_DATASET RECORDS_

——————

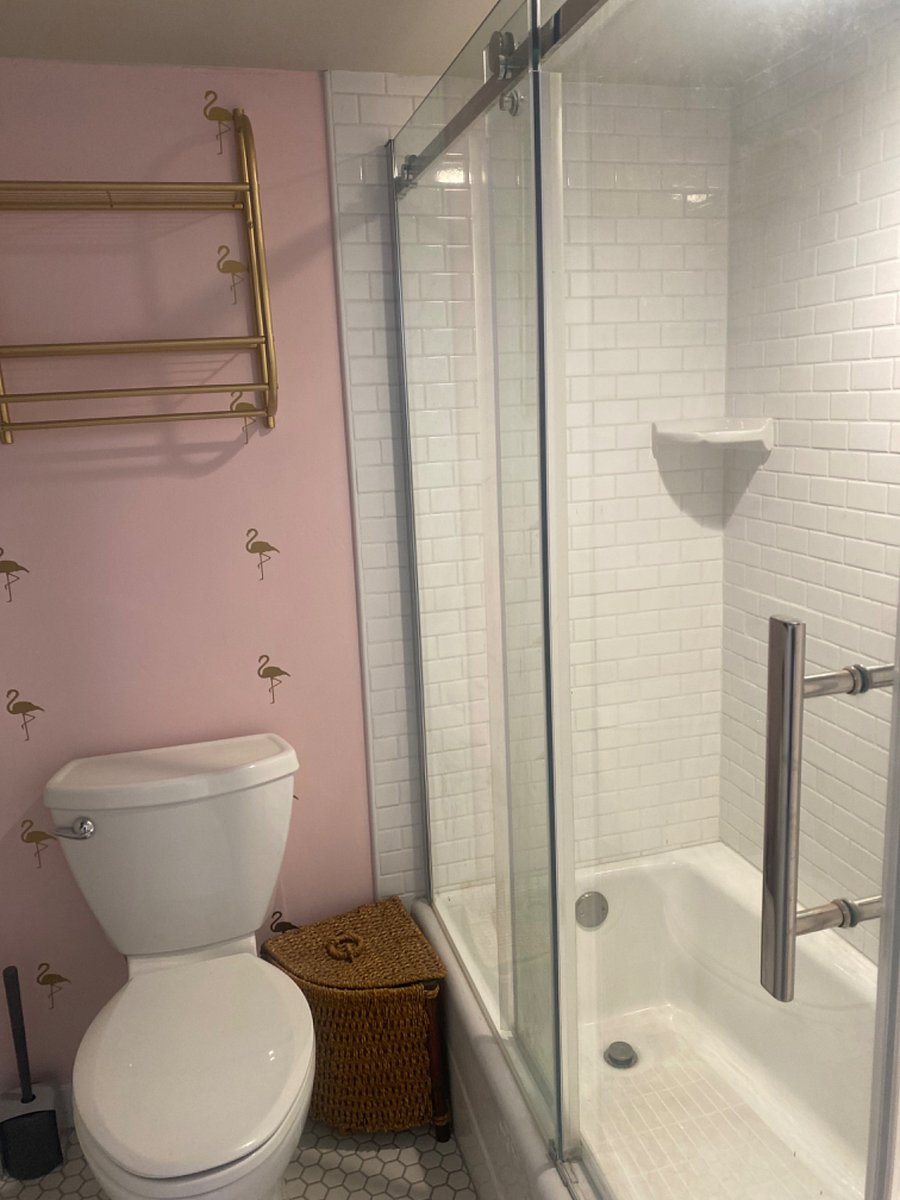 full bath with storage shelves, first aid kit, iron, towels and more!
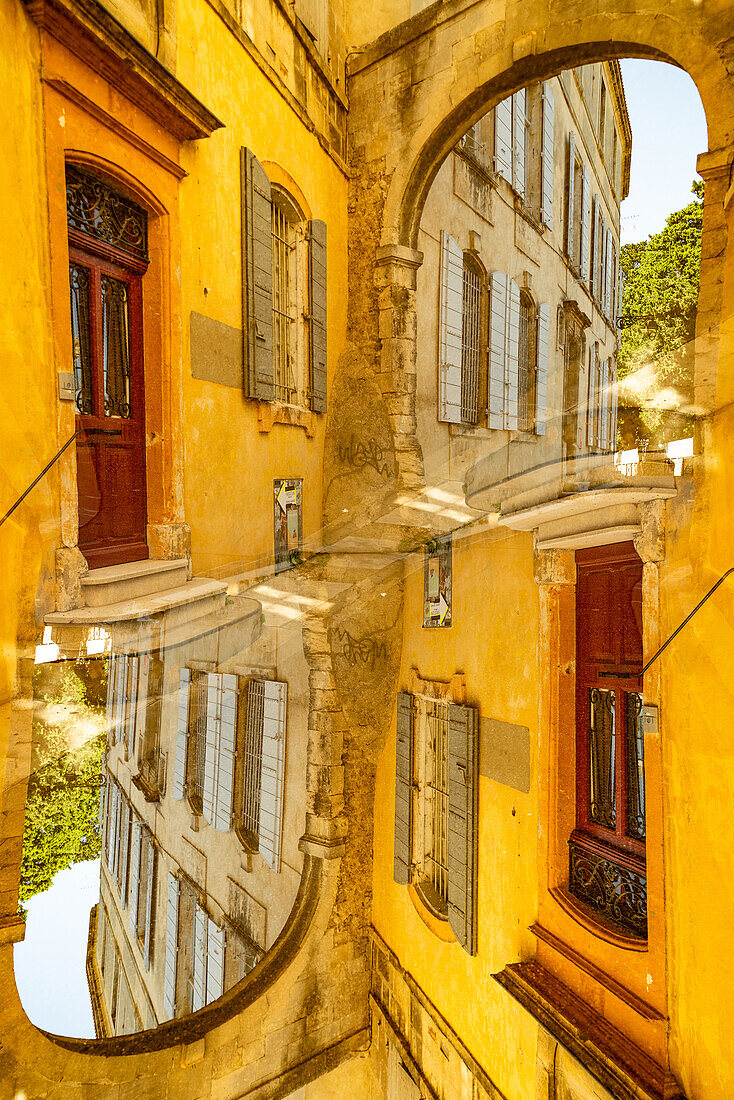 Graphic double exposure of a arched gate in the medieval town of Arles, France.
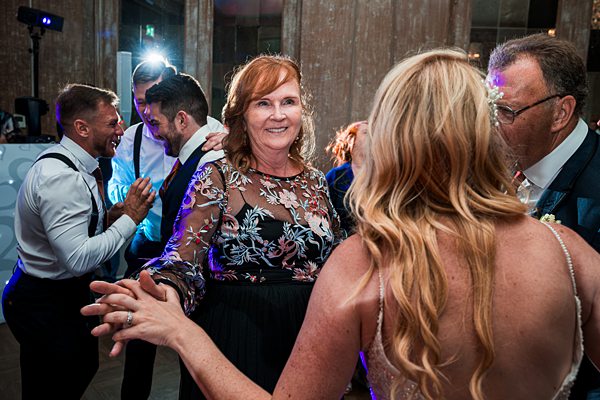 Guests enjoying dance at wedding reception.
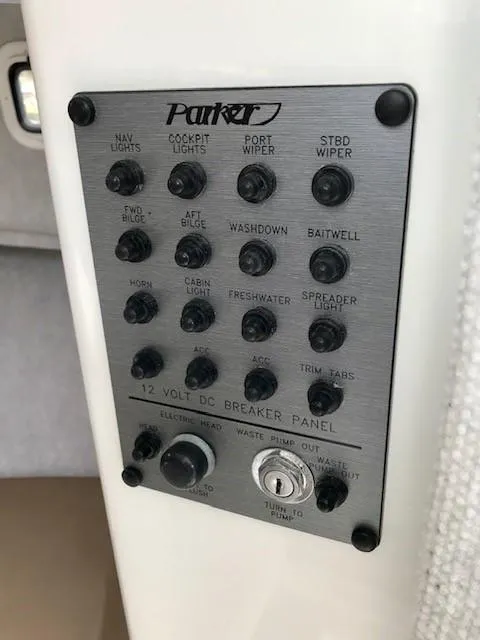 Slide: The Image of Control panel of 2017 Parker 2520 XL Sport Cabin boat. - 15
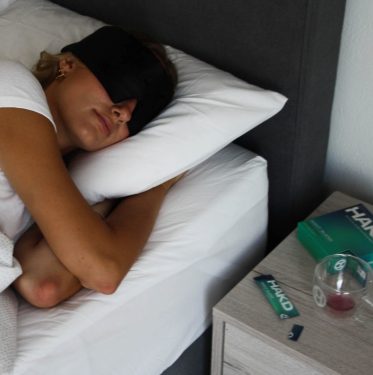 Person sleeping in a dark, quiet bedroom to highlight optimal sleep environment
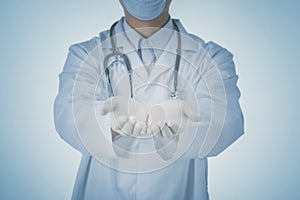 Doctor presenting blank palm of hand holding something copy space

——————

_TASK INSTRUCTIONS_
Each line from the one that holds "Slide: The Image" through the end of the entries must be returned exactly, while any pictures stay out.

_ANSWER AREA_
 Slide: The Image of Control panel of 2017 Parker 2520 XL Sport Cabin boat. - 15
 Person sleeping in a dark, quiet bedroom to highlight optimal sleep environment
 Doctor presenting blank palm of hand holding something copy space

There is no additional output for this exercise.